How to Detect Document Fraud using AI in Python

Technical Articles

Review Cloudmersive's technical library.

4/16/2026 - Brian O'Neill

Document fraud has always been a problem for enterprises, but the barrier to producing convincing fake documents has dropped considerably in recent years. AI generation tools that didn’t exist a few years ago can now produce fake invoices, fabricated ID scans, and even forced financial records. Some of these tools have already improved to the point where distinguishing between fake and legitimate files is almost impossible for human eyes. For any application that accepts uploaded documents as part of its workflow, this is a meaningful (and growing) risk.

The traditional response is manual review, which doesn’t scale, or rule-based detection, which tends to be brittle against anything it wasn’t explicitly designed to catch. What actually works is a solution that can reason about document content holistically, flag suspicious signals based on context, and factor in what it knows about the user submitting the document alongside what it finds in the document itself.

Detecting Document Fraud with the Cloudmersive AI Fraud Detection

That’s what the Cloudmersive AI Fraud Detection API does. It accepts a document as input, allows for optional user context, runs a comprehensive fraud assessment, and returns a structured result complete with a risk score, a set of specific fraud signal flags, and a plain-language rationale explaining how the assessment was reached.

The supported input formats include the ones you’re most likely to encounter in a real document intake workflow, including PDF, DOC/DOCX, XLS/XLSX, HTML, EML/MSG, PNG, JPG, and WEBP.

Walking Through a Real Implementation

In this walkthrough, we’ll build an example API call in Python using Google Colab (Python 3) and walk through what the response looks like. Code examples come directly from the Cloudmersive Swagger page, which you can find here.

As a quick note, you’ll need a Cloudmersive API key to follow along with this walkthrough. You can get one for free by signing up for a free account on the Cloudmersive website; that will give you up to 800 API calls to play around with and zero commitments once you expend that amount (they’ll just reset the following month).

Installing the SDK

The first thing we’ll do is run a pip command to install the Fraud API SDK:

pip install cloudmersive-fraud-detection-api-client

Importing Resources

And right after that, we’ll pull in the resources we need for our request:

from __future__ import print_function
import time
import cloudmersive_fraud_detection_api_client
from cloudmersive_fraud_detection_api_client.rest import ApiException
from pprint import pprint

Structuring our Request

We’ll now use the raw example code we walked about from the Swagger page as our starting point.

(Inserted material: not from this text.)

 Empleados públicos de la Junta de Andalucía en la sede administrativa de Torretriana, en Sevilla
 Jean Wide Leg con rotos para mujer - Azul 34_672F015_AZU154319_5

# Configure API key authorization: Apikey
configuration = cloudmersive_fraud_detection_api_client.Configuration()
configuration.api_key['Apikey'] = 'YOUR_API_KEY'



# create an instance of the API class
api_instance = cloudmersive_fraud_detection_api_client.FraudDetectionApi(cloudmersive_fraud_detection_api_client.ApiClient(configuration))
preprocessing = 'preprocessing_example' # str | Optional: Set the level of image pre-processing to enhance accuracy.  Possible values are 'Auto' and 'None'.  Default is Auto. (optional)
result_cross_check = 'result_cross_check_example' # str | Optional: Set the level of output accuracy cross-checking to perform on the input.  Possible values are 'None' and 'Advanced'.  Default is None. (optional)
user_email_address = 'user_email_address_example' # str | User email address for context (optional) (optional)
user_email_address_verified = true # bool | True if the user's email address was verified (optional) (optional)
input_file = '/path/to/inputfile' # file | Input document, or photos of a document, to perform fraud detection on (optional)

try:
    # Advanced AI Fraud Detection for Documents
    api_response = api_instance.document_detect_fraud_advanced(preprocessing=preprocessing, result_cross_check=result_cross_check, user_email_address=user_email_address, user_email_address_verified=user_email_address_verified, input_file=input_file)
    pprint(api_response)
except ApiException as e:
    print("Exception when calling FraudDetectionApi->document_detect_fraud_advanced: %s\n" % e)

Before this code does anything useful, we’ll first need configure our API key and fill in the request parameters.

Let’s handle authentication first:

configuration.api_key['Apikey'] = userdata.get('freekey')
configuration.host = "api.cloudmersive.com"

Note that we’ve manually configured the host in this case to “api.cloudmersive.com”, which is the default host for free-tier subscriptions like the one we’re using today.

Most of the additional configuration for this API happens through request headers rather than a JSON body, which makes it a bit different from some other Cloudmersive API calls. There are a few parameters worth understanding before we set values.

preprocessing controls how aggressively the API enhances image quality before running its analysis. The default is Auto, which handles most real-world input well. Setting it to None skips that step, which can reduce latency for documents you already know are clean and high-resolution.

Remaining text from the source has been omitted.